§ **Work item**
The reply should consist of the full listing, written out exactly.

§ **Information provided**
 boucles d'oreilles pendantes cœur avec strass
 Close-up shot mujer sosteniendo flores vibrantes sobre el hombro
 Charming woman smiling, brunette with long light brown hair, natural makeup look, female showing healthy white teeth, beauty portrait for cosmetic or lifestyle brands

§ **Answer for the task**
 boucles d'oreilles pendantes cœur avec strass
 Close-up shot mujer sosteniendo flores vibrantes sobre el hombro
 Charming woman smiling, brunette with long light brown hair, natural makeup look, female showing healthy white teeth, beauty portrait for cosmetic or lifestyle brands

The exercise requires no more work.